Of course, you can't (or at least shouldn't) look at one clearly metaphorical or supernatural story, and then judge the rest of the Bible on that story alone, as being all fiction.

But he seems to be dodging the intent of the question he's answering. The question was: "If the Bible is not to be read as a literal account of the truth, then how do we know which parts really are true, and which parts are fiction or metaphor?"

To this he says the Bible is not a book, but a library. Well duh. What does that mean in relation to the question? Does he mean that we can separate the stories that are 'true' (as in actually, historically happened) from those stories that are not 'true' (did not happen as described; are metaphors or the like), by looking at the historical evidence and see which stories come out on top in that regard? It seems that way, since he uses the examples of a fixed, centered earth, and Adam & Eve.

The question is though, would we have viewed them as only metaphorical or poetic if science had confirmed them through the years? If the earth really did turn out to be fixed and at the center?

Another thing is that many of the stories that must be seen as purely metaphorical or allegorical if one discounts miracles, can be seen as literal history if one allows for miracles. And so one believer may view a biblical story as metaphor, while another believer thinks it must have happened that miraculous way.
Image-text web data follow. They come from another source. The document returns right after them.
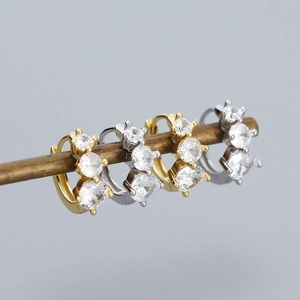 Macro shot of 925 sterling silver hoop earrings with three sparkling round zircons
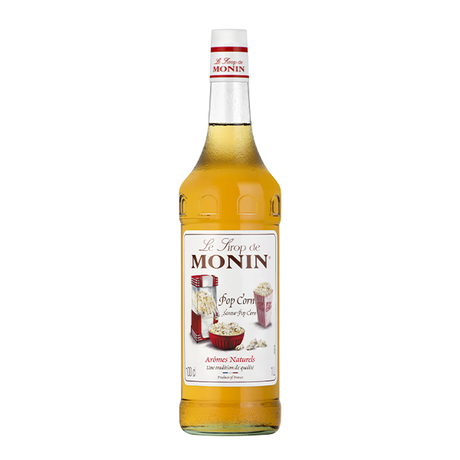 A bottle of Monin Popcorn flavor syrup with the label showing an illustration of a popcorn machine and text indicating the product name and size.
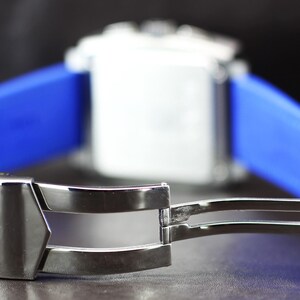 May include: Close-up of a silver watch clasp with a blue strap. The clasp is open, revealing its intricate design. The watch face is white, and the strap is a vibrant blue. The background is dark, highlighting the watch's details.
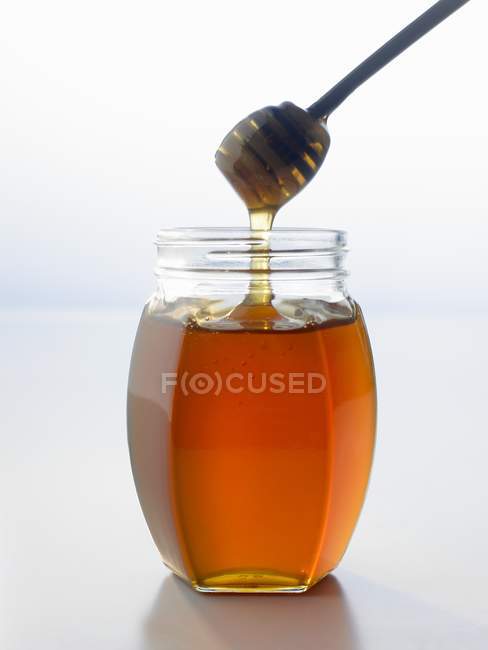 Honey dipper  in jar — Stock Photo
If you remove all the miracle-, supernatural, unevidenced, and implausible stories from the Bible, you won't be left with much. And you'll be left with texts where God hasn't done anything historically; at best God will then be described through poetic prose. Not that 'sophisticated theologians' will have a problem with that, but I think many 'mainstream' believers would.

I agree though that one needs to read the stories in the proper contexts; language, history, literary tradition of the time, and so on. This is true for any literary work. Perhaps some of the stories were never meant to be taken literally. I do believe this.

But the question was, how do we tell them apart? Often, miracles are mixed into the otherwise plausible and perhaps even evidenced stories in a matter-of-factly manner in the Bible. In such cases we have history, and miracles. In the same story. What good is it to say "The Bible is not a book, but a library" then?

Do we simply filter out the miracle- and implausible stories, as with a sieve, and say they were meant as metaphors?

Perhaps so. Many believing Christians should in that case think about what that does to the backbone of their beliefs, IMO.